(DATA SEGMENT begins)
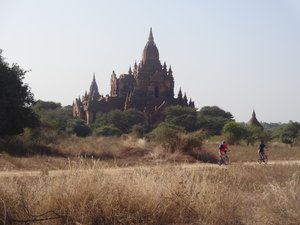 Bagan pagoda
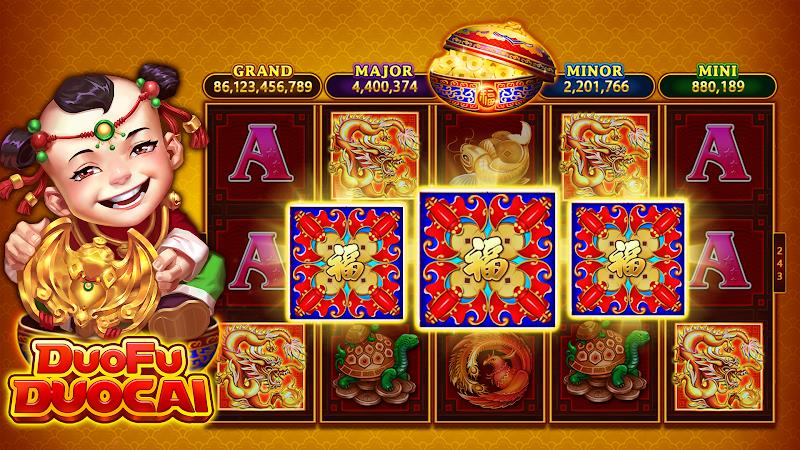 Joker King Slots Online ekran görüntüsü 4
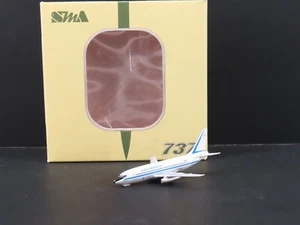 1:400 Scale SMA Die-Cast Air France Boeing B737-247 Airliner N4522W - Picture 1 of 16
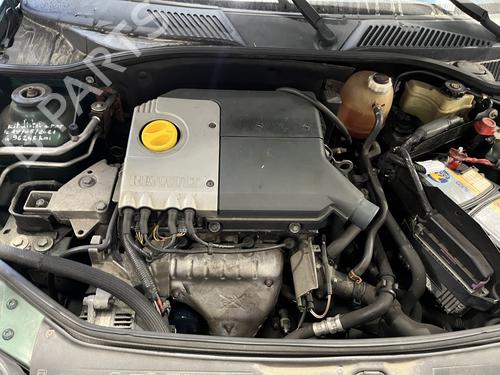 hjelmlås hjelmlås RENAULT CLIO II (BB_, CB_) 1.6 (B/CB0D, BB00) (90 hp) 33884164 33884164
(DATA SEGMENT ends)
• REQUIRED ACTION
No pictures belong in the copy; quote exactly the lines from the line containing "1:400 Scale SMA" through the final line of the material, both ends included.

• ANSWER TO THIS EXERCISE
 1:400 Scale SMA Die-Cast Air France Boeing B737-247 Airliner N4522W - Picture 1 of 16
 hjelmlås hjelmlås RENAULT CLIO II (BB_, CB_) 1.6 (B/CB0D, BB00) (90 hp) 33884164 33884164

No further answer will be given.